We would definitely consider that. Other than our API’s, most of our data is static. We want to make data great and easier to understand, so if you can transform or re-present it to those ends, that would meet our requirements.
Will a recording of the information session be available on the Open Data Hub?
Yes, this is now available here.
Is there already some infrastructure available?
We can use internal infrastructure if it’s part of your solution.
If we're not expected to build something until after Christmas, then what are we submitting on Monday 7 Dec?
You’re submitting your idea for the solution, along with as much detail (technical and otherwise) about how you plan to execute it.
How do we apply for seed funding?
Seed funding information was included in the entry form.
How do I enter my submission?
Submissions closed at midnight on Monday 7 December 2020.
What’s the difference between data.gov and the Open Data hub?
The Open Data Hub is the Transport for NSW open data portal. There is a NSW data portal as well as a National (Australian) data portal. Data.gov is the US data portal.
Can a solution be provided as an R package or a Python library for accessing the datasets on the Open Data Hub?
Definitely - there are no issues around that.
Are data quality audits important in the context of this challenge? Is there a budget for this?
Data quality in terms of any data that is transformed from data available on the Open Data Hub is very important. If you are offering a data quality tool that could be of interest to us but we’d need to better understand your offering. Ask the question -- will it make data great? If so we’re interested!
What kind of solutions are you expecting?
We are expecting DKAN modules, APIs or standalone tools that Make Data Great! Please refer to the details provided on the Innovation Challenge pages for more information.
Is the data available on the Open Data Hub preprocessed, or do we need to do some preprocessing?
Most of the data on the Open Data Hub is preprocessed and our team often does some light touch processing prior to publication. The data provided on the Open Data Hub is provided on a “as is” basis for the data consumer. For this challenge, we do want to #makedatagreat so we’re expecting data to be further processed.
Do you have a Data Management/ Data Quality framework around the use of the platform & can this be shared?
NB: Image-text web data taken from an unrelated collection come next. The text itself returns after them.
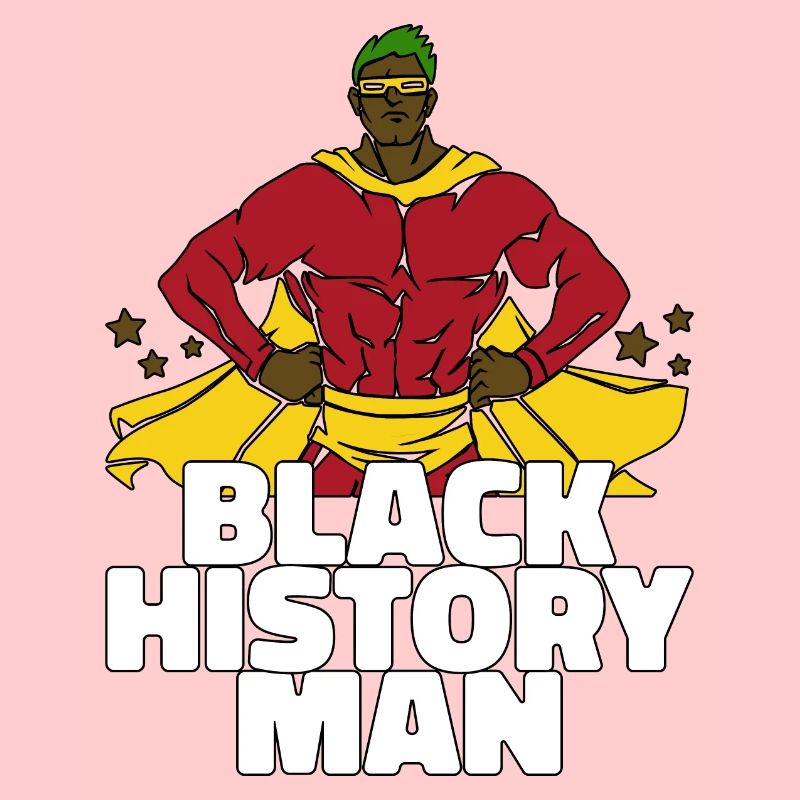 black history Superheld Geschenk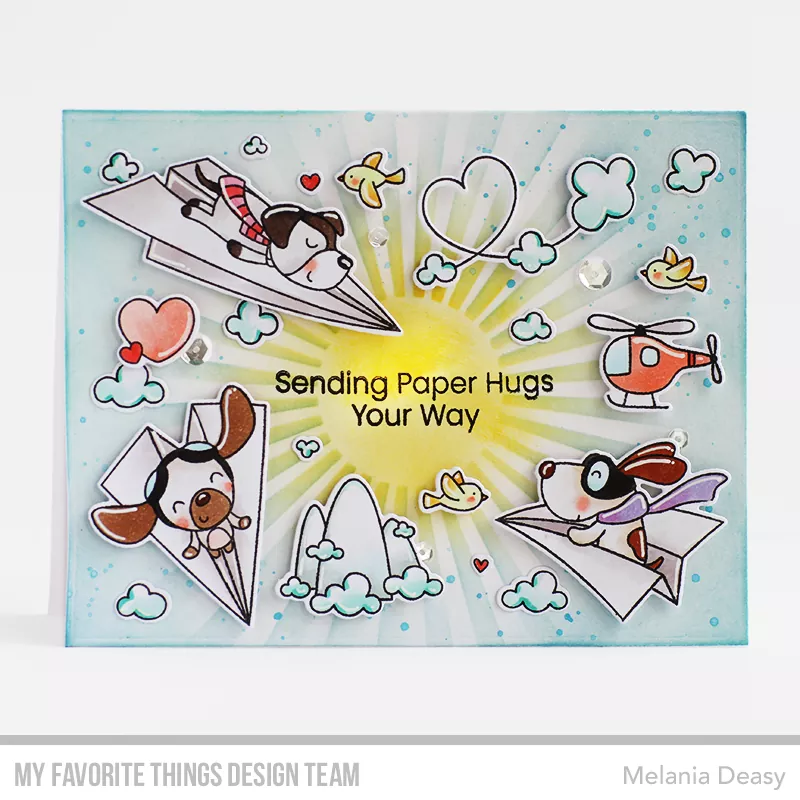 my favorite things Stamp & Die Duo Paper Planes 3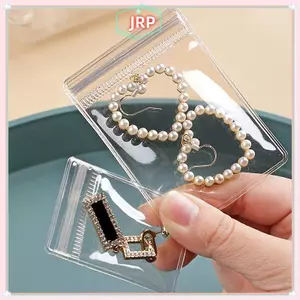 JRP 10 Chiếc Trang Sức Túi Bảo Quản Hộp Chống Oxy Hóa Trong Suốt Trang Sức Tổ Chức Cho Bông Tai Nelace Vòng Tay Giá Đỡ Vòng Ziplo Túi JRP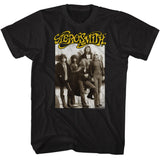Aerosmith Group Portrait Black Tall T-shirt
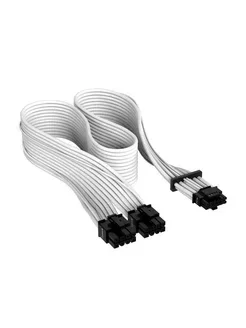 Cable (райзер), PCI-E 16X Corsair Premium Individually Sleeved, PCIe 5.0 x 16, CP-8920332, white, фото 1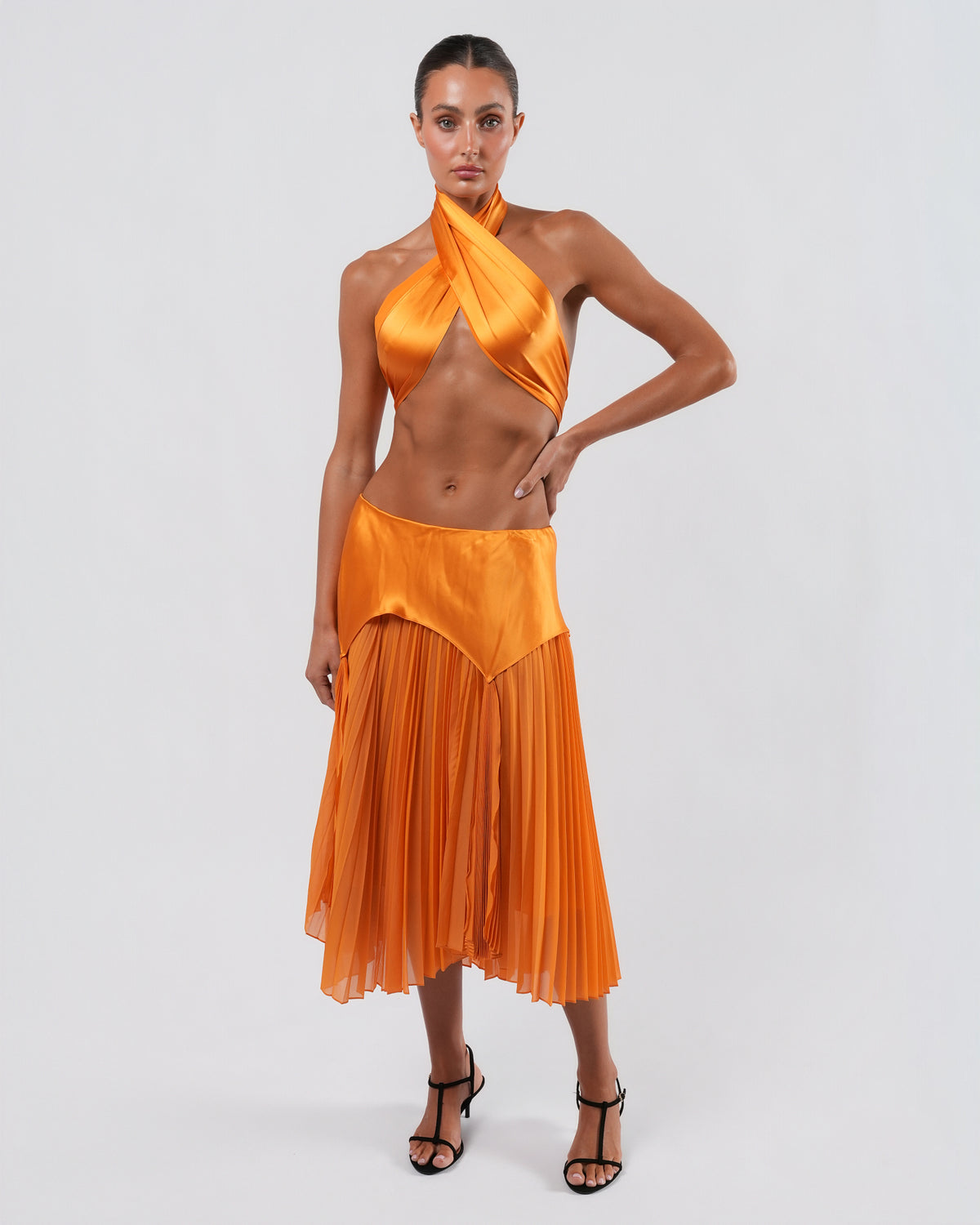 SS 2004 Tangerine Silk Set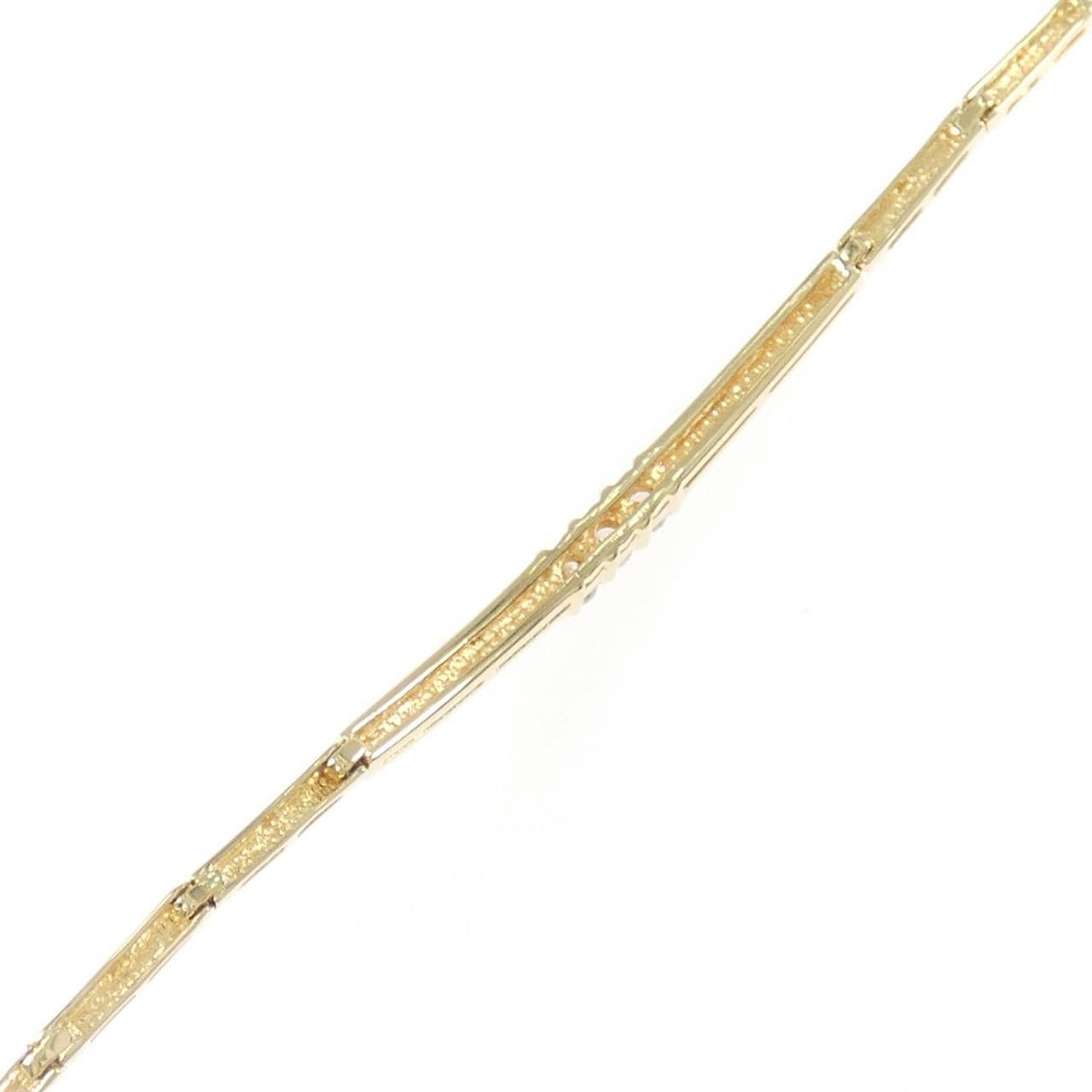 K18YG ダイヤモンド ブレスレット 0.16CT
Transport for NSW and NSW Government do have policies around Data and Information Management. Please refer to the Digital.NSW site for more information. For Open Data, we provide data from mainly operational systems. There’s a good reason we’re asking for help to #makedatagreat.
How do you envision this activity moving into the commercial phase for ongoing revenue generation?
We are only able to provide seed funding. Other jurisdictions or agencies or organisations will likely be able to benefit from your solution or skillset.
What search engine is used on the Open Data Hub?
Our search engine is the DKAN Search API - more information can be found on the DKAN https://dkan.readthedocs.io/en/latest/components/search.html and Drupal sites https://www.drupal.org/project/search_api. We have also implemented a module that enables Facet API in the search.
Do you have plans to upgrade to DKAN v2?
This is a possibility, however their roadmap doesn't have the functionality we require until later in 2021.
Is there an API to register an application and create an API key? Is this functionality part of DKAN or custom written?
Not that we are aware of. The API Key functionality is custom/part of the API gateway.
Does judging criteria item #3 suggest that there should be no ongoing costs, or no ongoing costs that are affected by scale?
If there are ongoing operational costs please let us know in the Application/Entry form. We will take that into consideration.
If the original data is not in plain text, such as PDF or image, is there any expectation to transform the data into some form of text, or just a text in description is sufficient?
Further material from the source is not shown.